А голоса зверей и птиц становились всё громче, всё неразделимее: уже не понять было, вой это или рев, карканье или писк. Монотонный, оглушающий, он заставлял гордую фею склониться, зажать уши, пасть на колени. А Эли, словно ничего не слыша и не замечая, стояла, закрыв глаза и опустив руки; могло показаться, будто она внезапно уснула и теперь едва заметно покачивается в такт своим мирным сновидениям. Но вот ее губы шевельнулись – и голос зверей и птиц чуть дрогнул, меняясь, приспосабливаясь к несвойственному для него звучанию.
– Уходи, создание туманов и луны, – говорила Эли, а вместе с ней – птицы и звери. – Ты не чужая нам. Леса, реки и поля давно живут в мире с твоим народом, нам нечего делить. И до людей нам дела нет. Но это человеческое дитя умеет говорить с водой и с деревом, с птицей и со зверем. Дитя стало частью наших владений, и мы знаем, что ты желаешь ему смерти несправедливо и беззаконно. Мы не люди. Нас нельзя обмануть или подкупить, и твои покровители не смеют спорить с нашей общей волей. Уходи из старого сада и не возвращайся.
– Вот, значит, как? – вскинулась фея, враз поумерившая и свой гнев, и рост. – Ну что же, признаю – убивать девчонку я права не имею, хотя в обычных случаях хватает одного только моего желания. Но раз уж за нее заступается лес…
Тут возмущенно заквакали жабы, да и птицы, считавшие своей вотчиной поля, возмущенно захлопали крыльями, так что фея поспешно прибавила:
– Ох, ладно: и болота, и поля, и все здешние помойки…
Тут дружно встопорщились коты, ощерили зубы крысы, многие из которых отличались воистину исполинскими размерами, и фее ничего не оставалось, как принести извинения и пообещать, что впредь она будет относиться с уважением к соседним владениям.
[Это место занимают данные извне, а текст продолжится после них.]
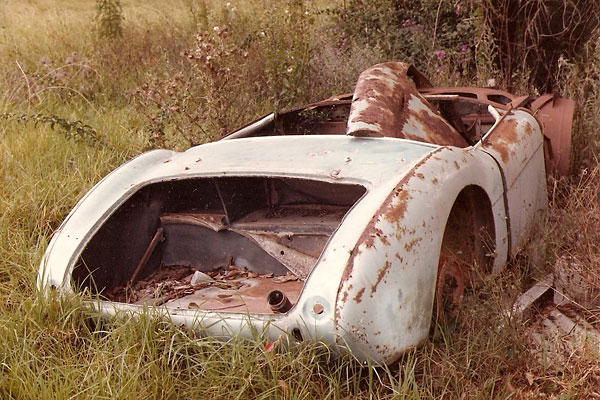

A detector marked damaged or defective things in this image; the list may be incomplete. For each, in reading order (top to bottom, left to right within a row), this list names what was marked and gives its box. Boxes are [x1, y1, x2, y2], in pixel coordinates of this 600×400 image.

rusted car shell [38, 62, 564, 366]
abandoned car body [36, 61, 572, 362]
rust patch [370, 260, 394, 296]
– Но как бы то ни было, – заметила она, с некоторым усилием вернув себе прежнюю высокомерную манеру говорить, – моя милость все еще в силе. Уж на нее-то я имею право! Не думайте, что спасли вашу драгоценную сопливую девчонку, – жить ей все равно недолго. Я уйду, так и быть, и она никогда больше меня не увидит. Но и счастья не обретет! Для вас она, возможно, и особенная, да только в человеческом мире ей этот дар ничего не даст. Слишком проста она для той любви, которую я ей ниспослала. Для нее был заготовлен лучший из моих подарков – ну что ж, она еще заплачет над его осколками!..
И с этими словами она бросила на землю что-то сверкающее, разбившееся с долгим тонким звоном – так звучит далекий перезвон колоколов туманного королевства, доносящийся иной раз до ушей смертных и оставляющий после себя долгую неясную печаль. А когда он затих и Эли открыла глаза, на истоптанной поляне не было ни единой живой души, да и сама фея – создание, безусловно, бездушное – растаяла без следа. Ночь, волшебным образом вместив в себя бесконечно много событий, разговоров и мыслей, отслужила свое и сменялась предрассветными сумерками.
Удивительное и страшное приключение могло показаться дурным сном, но на том самом месте, где стояла разгневанная фея, в грязи что-то ярко сверкало и переливалось всеми цветами радуги.
Эли, хорошо помнившая все, что здесь происходило и говорилось – хоть ей казалось, будто она была всего лишь безмолвным зрителем, окаменевшим от какого-то заклятия, – склонилась, чтобы посмотреть, чем же собиралась одарить ее фея.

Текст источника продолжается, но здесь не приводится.